Where did you grow up? Did you go to parks as a child?
I grew up on Long Island in New York: Central Islip during the school year and summers at a beach house on Peconic Bay that I truly loved. My summer on the Bay was one big park. But my parents would take me to Central Park in Manhattan – in the center of the city just like Duboce Park is – and I really loved the openness and all the things going on there.
What is your educational background?
I went to Alfred University College of Ceramics in upstate New York, and drove across country to attend the San Francisco Art Institute undergraduate and then the masters program. I was attracted by the artists here working in ceramics: Peter Voulkos, Richard Shaw, Robert Arneson and others.
What are some of your favorite things about Duboce Park?
It’s beautiful! My now-wife Susan and I found a house in 1987 that sat right next to it. We fell in love with the neighborhood long before it became what it is today. My street is almost like a boardwalk, with people walking to and from the N Judah. We know our neighbors all by name and we celebrate holidays together. I’ve watched babies grow up now and go off to college.
And now, as the houses have changed owners, the street has been filled with new little ones. Susan and I were married where our street meets Duboce Park and we closed off the street for the party. I love Duboce Park and all the events it attracts: DogFest, SantaCon, birthday parties and movie nights. The best thing of all is that our dogs have grown up thinking the park is their back yard and we have met many friends there through the dogs.
How often to you come to the park?
Most every day.
Why do you volunteer?
I like to offer what I can. I always wanted to make something for the park. I’ve gotten a chance to do that several times now, and sometimes I even get paid for it.
How has the park changed since you started coming to the park?
Well, some of the trees have fallen over or died, just like some of my friends since I’ve been here! The dog park was moved from one end of the park to the other and it’s now SF dog central. The Harvey Milk Center was renovated, and the “haunted house” at Carmelita on the park has been totally renovated.

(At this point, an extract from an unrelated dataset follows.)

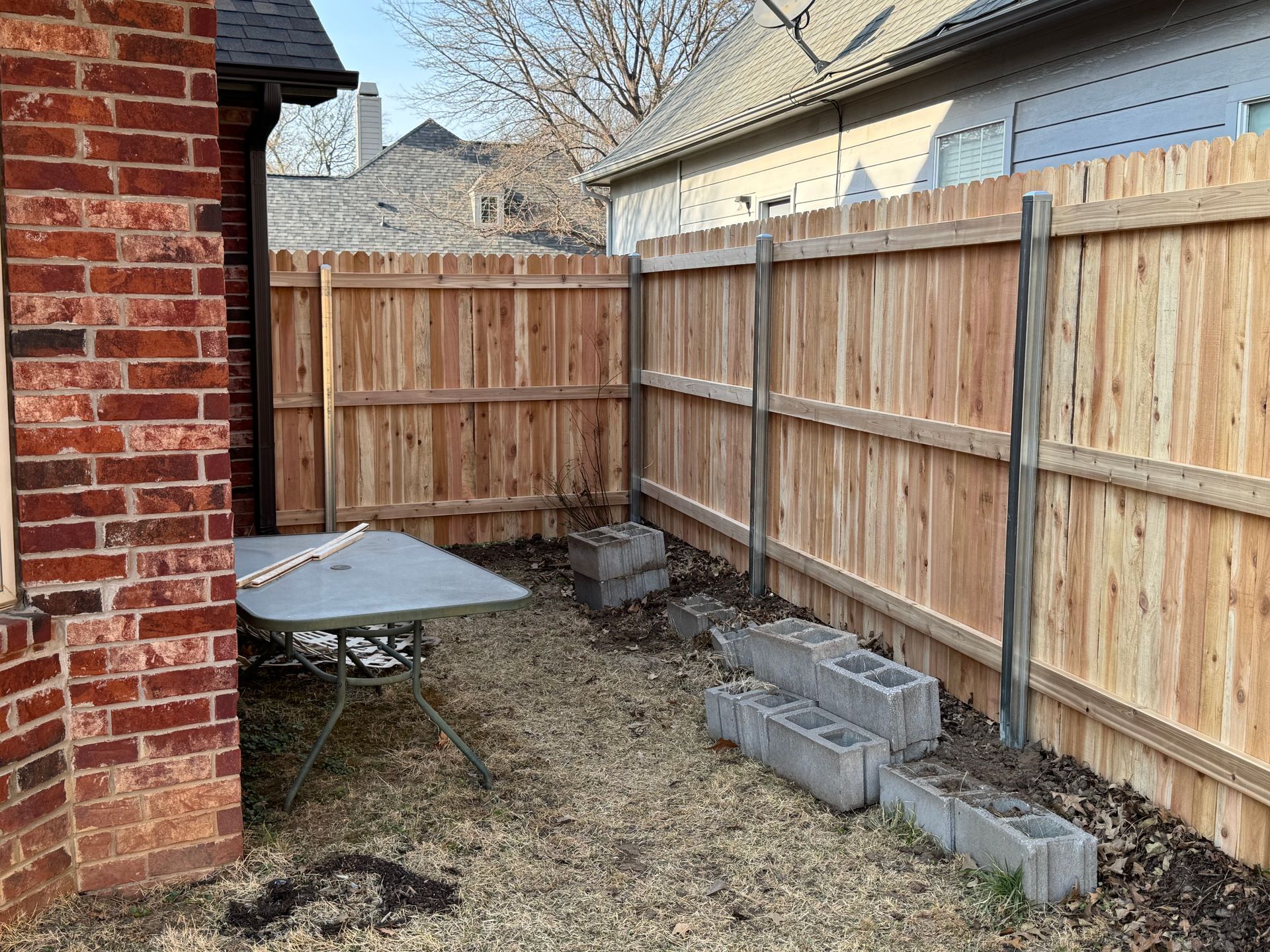 Small fenced backyard with a brick wall, round table, and stacked cinder blocks along the fence.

What would you like to see done in the park?
Ah, yes! I would like to see the Steiner-Duboce Corner Improvement Plan come to fruition. It’s a creative way to turn that underused corner into a safe and useful, not to mention beautiful, area for everyone. And I have been asked to bid on making the curved wall-bench. Wish me luck!

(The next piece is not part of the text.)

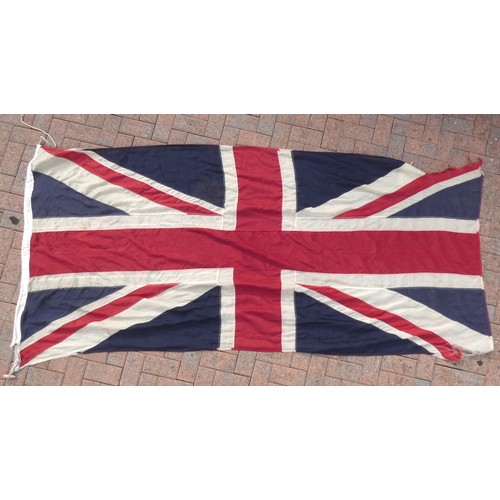 411 - A vintage Red Ensign, 100 x 200cm, a Blue Ensign, 85 x 180cm, a Union Flag, 125 x 265 and three mode...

That stool design came to me as a refinement of a stool I’d been making for years. This one is more sculptural, but it’s a variation on a long running theme of mine. The Labyrinth stools are planted in the ground, but most in my shop are hollow and moveable.
The city came to me with an idea and I adapted it. They tried to give the job to a cheaper contractor, a big company, not an artist. Then my wife, who was working for me at the time, appealed to them by saying we could make them with 97% recycled material and they would also be made by a local artist who lived on the park. The city’s architect went to bat for us and here they are.